# Scale, productivity, biodiversity, and curve-fitting

Revisiting an ecological classicAs part of the Advances in Community Ecology class I’m auditing (because I am on sabbatical, and so I can do things like that!), we re-read the classic Chase & Leibold (2002) paper; to summarize, by surveying diversity of producers and animals in ponds, they show that the relationship between productivity and species richness is quadratic within a pond, but linear across aggregates of ponds in a watershed.

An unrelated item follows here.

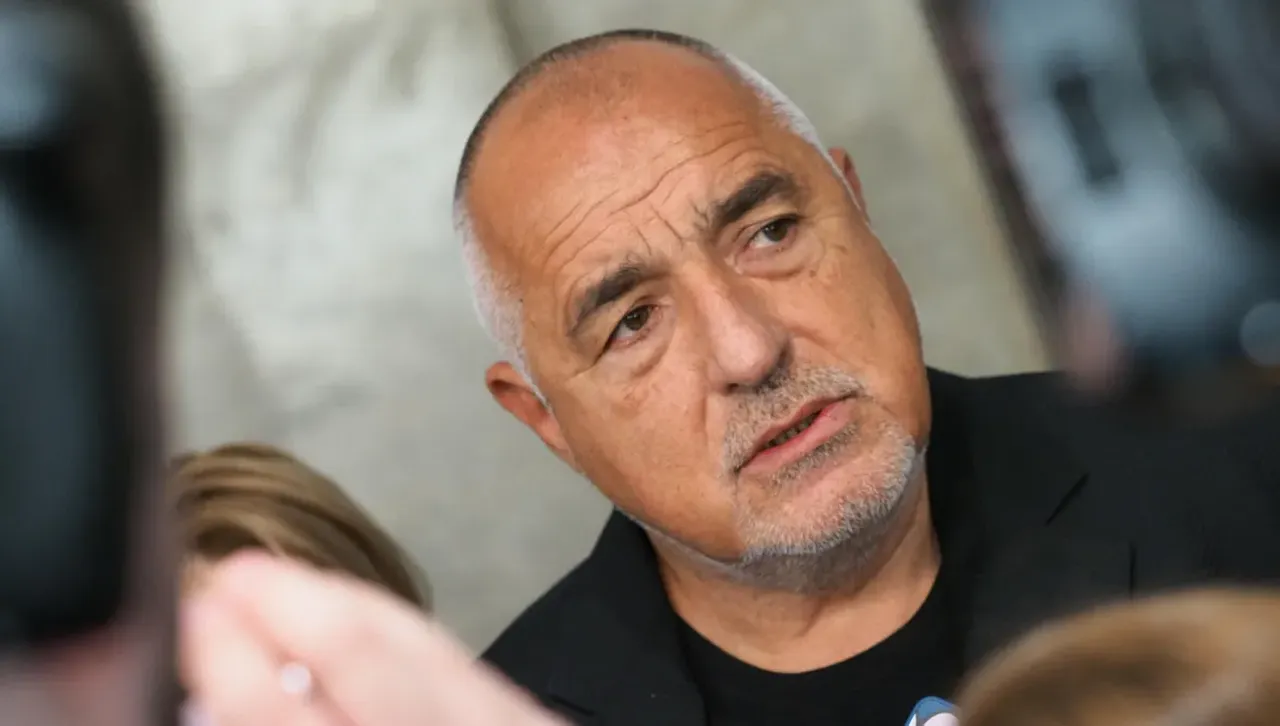 Бойко Борисов: ПП са едни готованци, използвам най-мекият израз, като към деца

This was a momentous paper, being one of the first large-scale “natural experiment”, re-inforcing the idea that scale can change the qualitative nature of the relationship, and laying out some interesting hypotheses about the role of compositional dissimilarity on productivity gradients.

**Very** importantly, nothing in what follows changes (essentially) anything
about the conclusion of the original paper. All it does is give me an excuse to
be very pedantic about intercepts, and give a little walkthrough of how I would
adress the problem of fitting a curve to some data in a way that is both
ecologically and statistically satisfactory, with the advantage of a 19 years
headstart on the original paper. This is not a *criticism* (in the sense of
finding flaws) of the original paper, this is a critique (in the sense of
engaging with the material, even if it’s 19 years later).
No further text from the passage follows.